Similarly, content providers seek to protect digital content (for
example, music, other audio, video, or other types of data in
general) from being copied without authorization.
[0004] However, a Universal Serial Bus (USB), adhering to a 2.0
standard developed by Compaq, IBM, DEC, Intel, Microsoft, NEC, and
Northern Telecom, poses a significant problem to trusted
input/output (I/O). A USB is a plug-and-play interface between a
computer system and an add-on device (e.g., a keyboard). The
computer system typically includes a software stack that is
associated with the USB device.
[0005] Malicious code in a USB stack could potentially be used to
modify data transmitted to/from the USB peripheral, or re-route the
data to an entirely different device. One method used to thwart
malicious USB software is to encrypt data transmitted to or
received from the USB peripheral. However, the problem with the
encryption method is that the USB stack cannot be trusted with
transmitting encryption keys to the peripheral.
[0006] One mechanism includes bypassing the USB stack by
transmitting encryption keys directly to a keyboard peripheral. In
such a mechanism, a user is prompted to type keystrokes on the
keyboard in order to enter an encryption key.
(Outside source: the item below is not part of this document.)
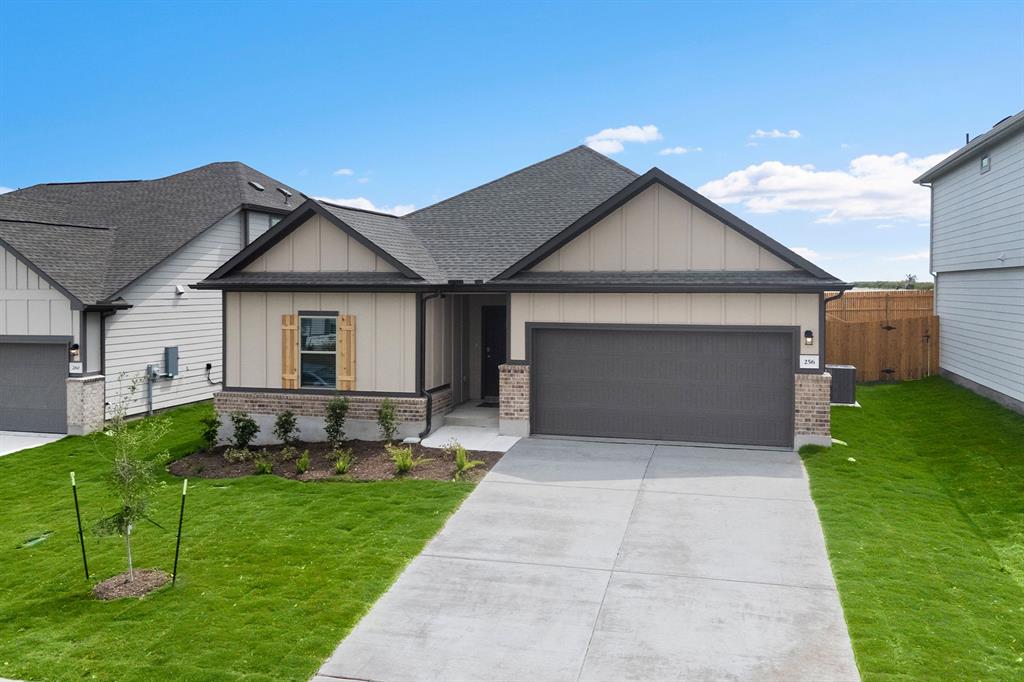 View of front of house with board and batten siding, brick siding, and a shingled roof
Such a mechanism is
inefficient since it would require the user to type up to
sixty-three keystrokes each time the computer system is started
up.
[0007] Alternatively, the keyboard would require non-volatile
memory storage to avoid the user having to input keystrokes each
time the keyboard is powered. This would result in an increase in
cost for keyboard manufacture. In addition, such a mechanism is not
applicable for use in non-keyboard peripherals, such as a mouse,
unless an encryption dongle is added inline between the computer
system and the peripheral. This also leads to an increase in
costs.
BRIEF DESCRIPTION OF THE DRAWINGS
[0008] The invention is illustrated by way of example and not
limitation in the figures of the accompanying drawings, in which
like references indicate similar elements, and in which:
[0009] FIG. 1 is a block diagram of one embodiment of a computer
system;
[0010] FIG. 2 is a block diagram illustrating one embodiment of a
central processing unit (CPU);
[0011] FIG. 3 is a block diagram illustrating one embodiment of a
memory; and
[0012] FIG. 4 is a flow diagram of one embodiment of transmitting
an encryption key to a peripheral device.
DETAILED DESCRIPTION
[0013] A mechanism to guarantee trusted USB input/output (I/O) at a
computer system is described. According to one embodiment, a
trusted port in the computer system is implemented to transmit
encryption keys to a USB peripheral without using a USB stack.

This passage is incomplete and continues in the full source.